To start this process, you will need to unregister the Log Browser service from Single Sign-On. You can do this with the following command after replacing server.domain.com with your appliance’s fully qualified domain name:
cd /etc/vmware-sso/register-hooks.d ./09-vmware-logbrowser --mode uninstall --ls-server https://server.domain.com:7444/lookupservice/sdk
After you have successfully unregistered the Log Browser Service, you will need to change to the /ssl/logbrowser directory so you can work with the certificates that you copied over from your machine. The process is similar to what you did with the Inventory Service certificates, and you will need to remove the _logbrowser from the file names before creating a .pfx certificate file. The steps we need to take, like the Inventory Service above, are to rename the certificate and key files, concatenate the certificate and the certificate chain, and then create the .pfx certificate file. The commands to do this are:
mv rui_logbrowser.crt rui.crt mv rui_logbrowser.key rui.key cat rui.crt cachain.pem > chain.pem openssl pkcs12 -export -out rui.pfx -in chain.pem -inkey rui.key -name rui -passout pass:testpassword
After you create the rui.pfx file, you will need to copy the rui.pfx, rui.crt, and rui.key files to /usr/lib/vmware-logbrowser/conf and then change the permissions on the certificate files. The commands for this is:
cp rui.pfx rui.crt rui.key /usr/lib/vmware-logbrowser/conf cd /usr/lib/vmware-logbrowser/conf chmod 400 rui.key rui.pfx chmod 644 rui.crt
The last step is to reregister the Log Browser service. The command to do this is below.
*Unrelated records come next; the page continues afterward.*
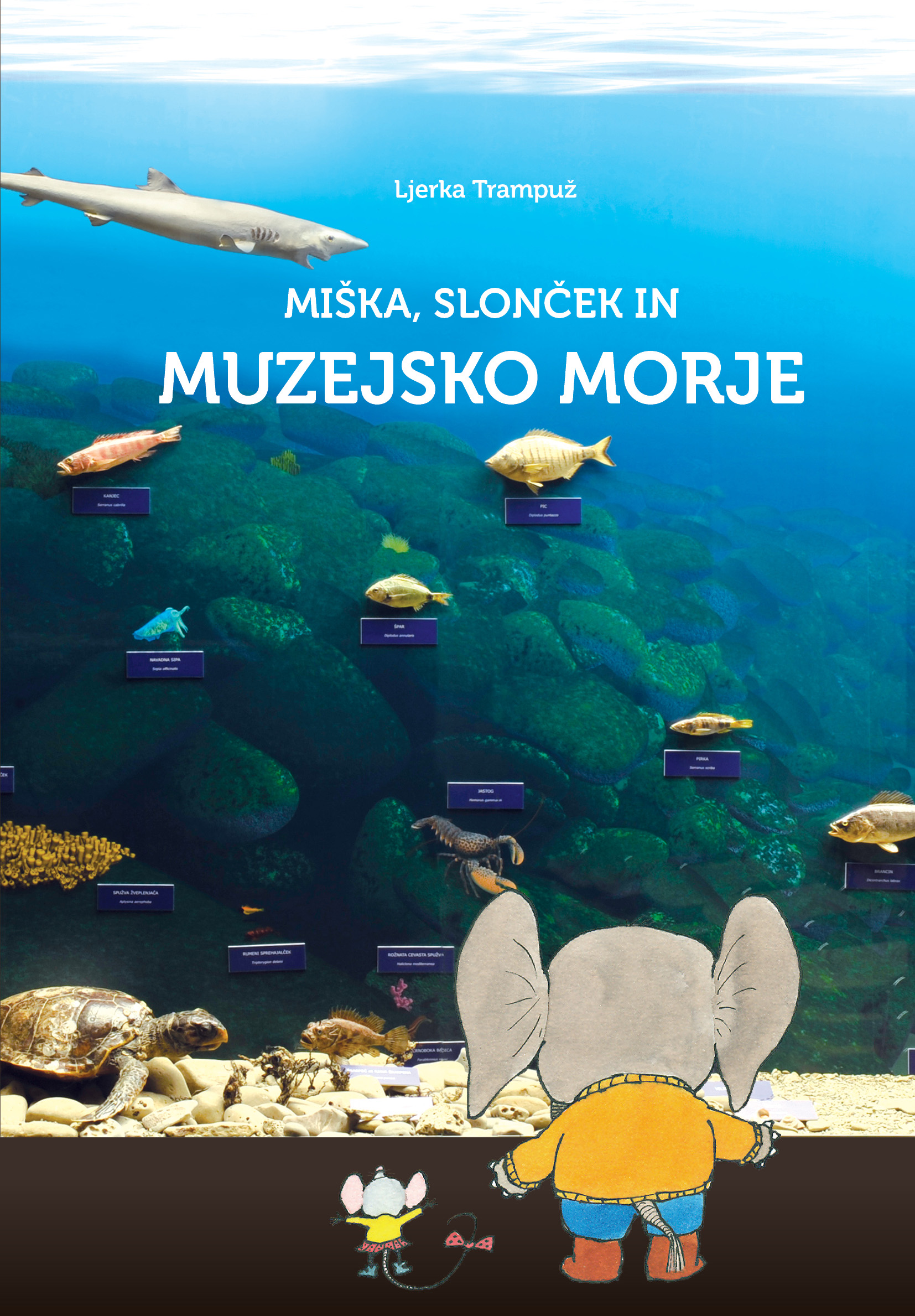 Miška, slonček in muzejsko morje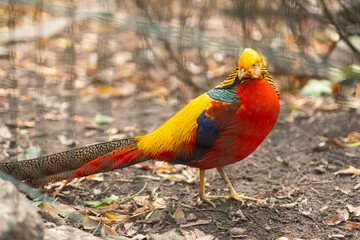 Golden pheasant on the ground in autumn day, close up.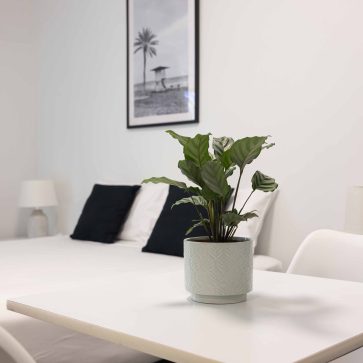 Gallery Herston Place (33)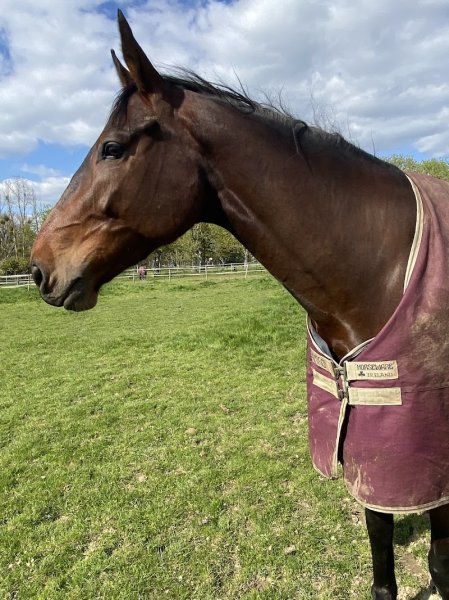 Domaine équestre des Bouillères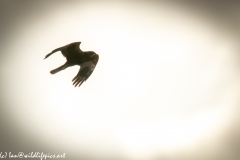Male Marsh Harrier in Flight Side View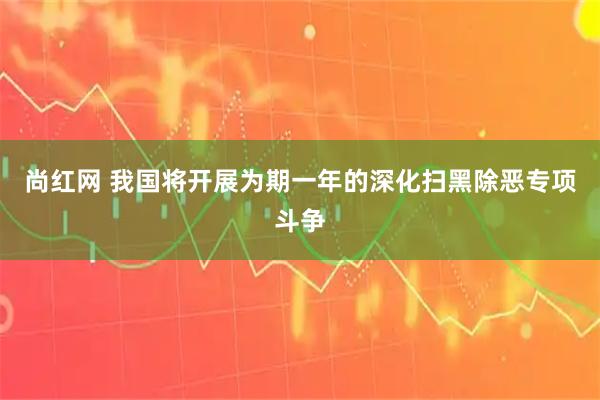 尚红网 我国将开展为期一年的深化扫黑除恶专项斗争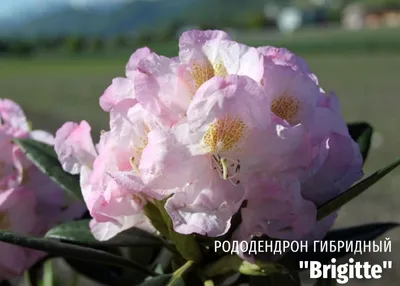 цветущий розовый фиолетовый рододендрон Стоковое Изображение - изображение  насчитывающей красивейшее, кровопролитное: 238405635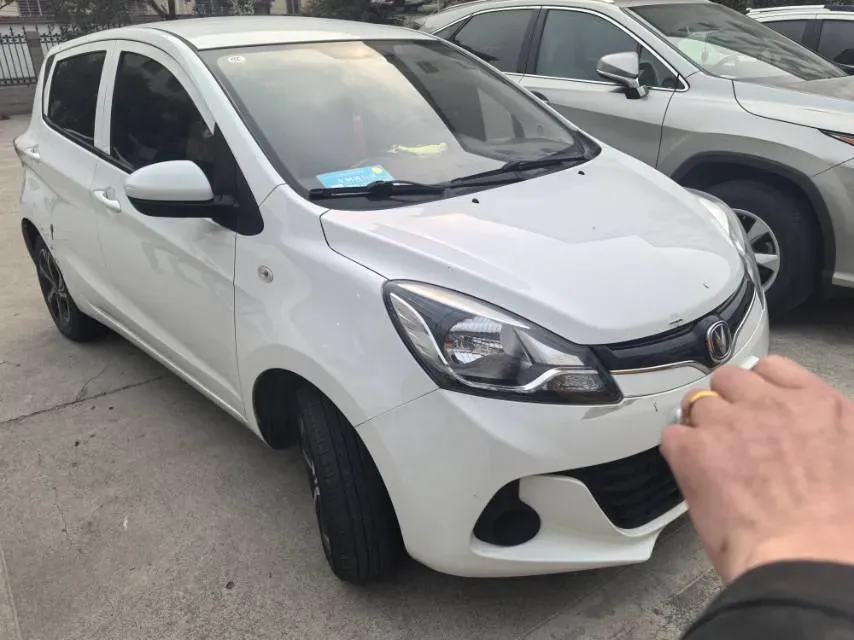2021 ChangAn BenBen E-Star BEV 32.2KWH,autocango,china used car exporter,china ev exporter,chinese used car exporter,chinese used ev exporter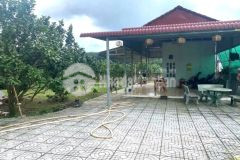 Chính chủ cần bán 3000m2 vườn trái cây giá 250 triệu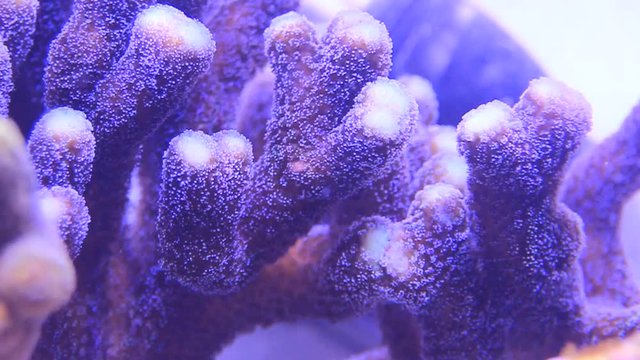 Video of Milky purple Stylophora sps coral in macro scene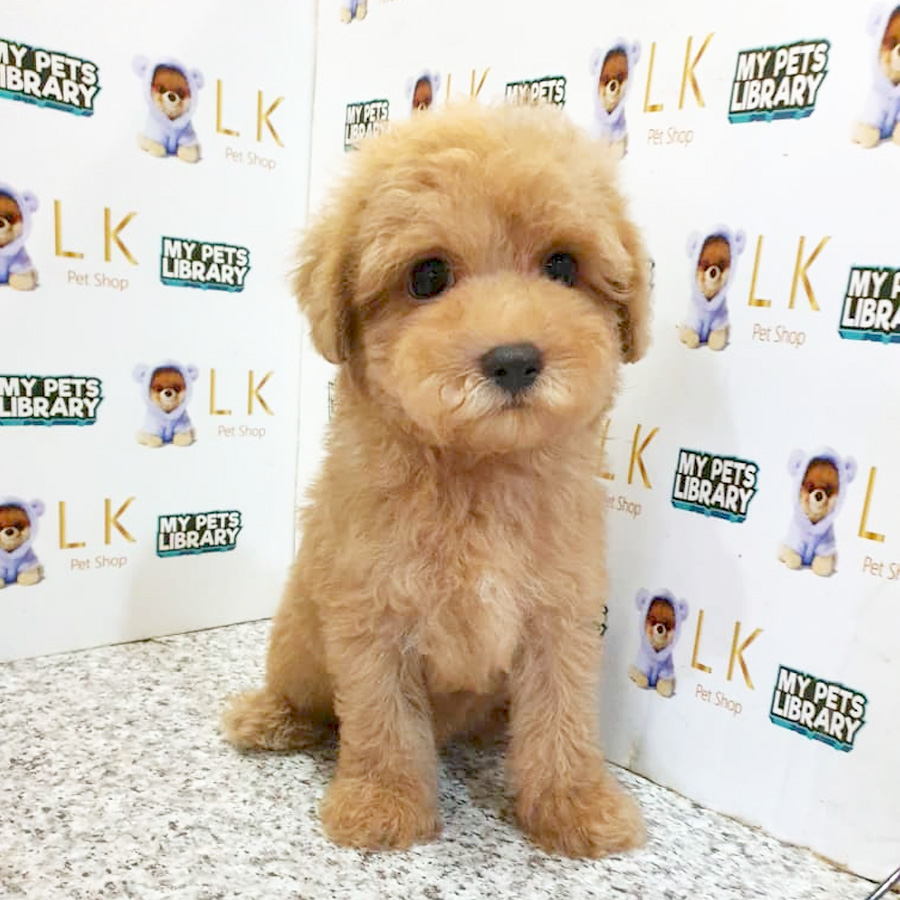 Toy Poodle Puppy (Male) For Sale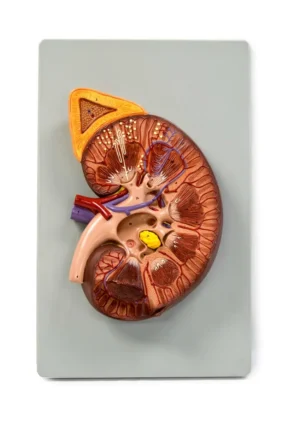 Kidney Model, 3X Life-Size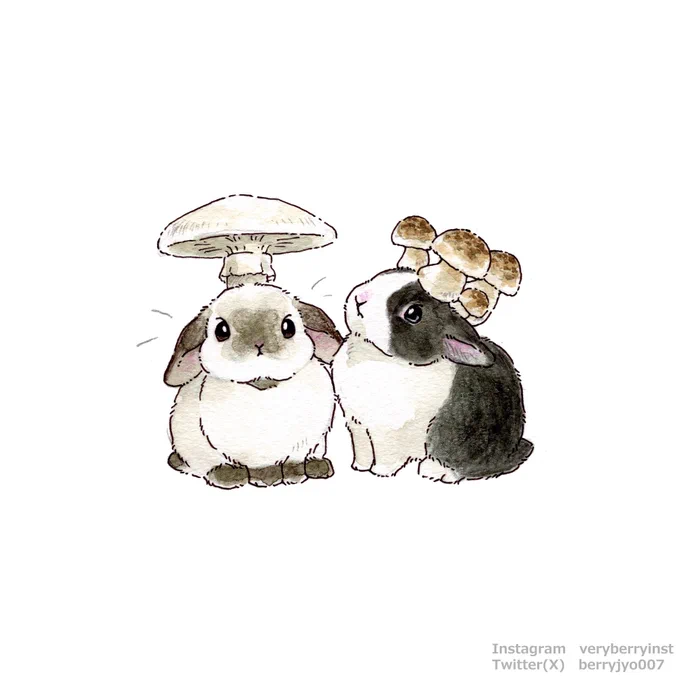 うさ吸い禁止ドクツルタケうさぎさん登場そんなあなたにぶなしめじうさぎさんはいかがですか〜? 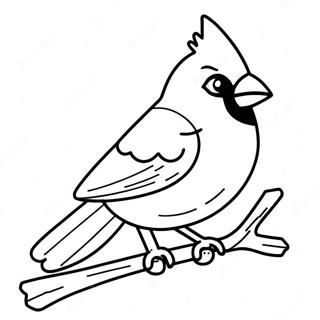 Cardinal Bird Coloring Page 13876-11216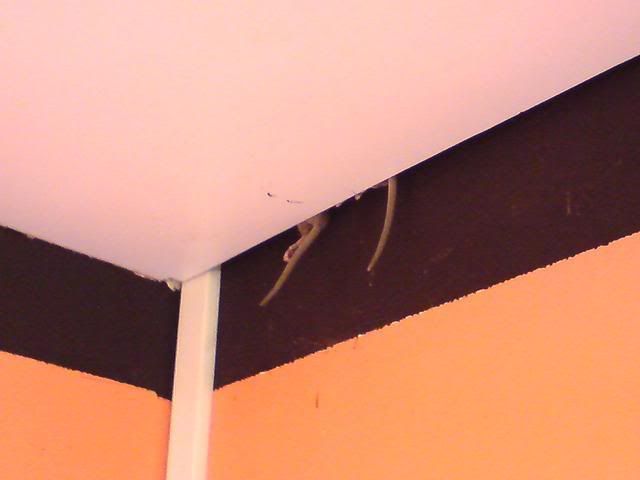DSC00405.JPG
To run this command successfully, you need to change “server.domain.com” to your server’s fully qualified domain name, sso_administrator to an administrator account in your SSO administrator (probably firstname.lastname@example.org) and sso_password with your SSO password (if you ran the default config, it is blank).
cd /etc/vmware-sso/register-hooks.d ./09-vmware-logbrowser --mode install --ls-server https://server.domain.com:7444/lookupservice/sdk --user sso_administrator --password sso_administrator_password
A successful result will look like the screenshot below:
If you received a success result, you will need to restart the Log Browser service by using the following commands:
service vmware-logbrowser stop service vmware-logbrowser start
The Log Browser service is the last certificate that we’re changing, so you will need to reboot the appliance after you have successfully updated the certificate. The reboot allows all of the new certificates to take effect, and you may encounter certificate errors when logging into the web interface or the C# client until you reboot the appliance.
After a reboot, you shouldn’t see any certificate warnings when logging into the Appliance management webpage or the vSphere Web Client…provided that you’ve installed the root and intermediate certificates on your machine.
Look, Ma! No Certificate Warnings!
This wraps up the process of updating certificates on the vCenter 5.5 appliance. I will be coming back to the vCenter Server Virtual Appliance in the coming weeks when I tackle building a VMware Horizon View environment on vSphere 5.5 (spoilers – Horizon View 5.2 works on vSphere 5.5), but I will be moving on to some other topics that I want to cover.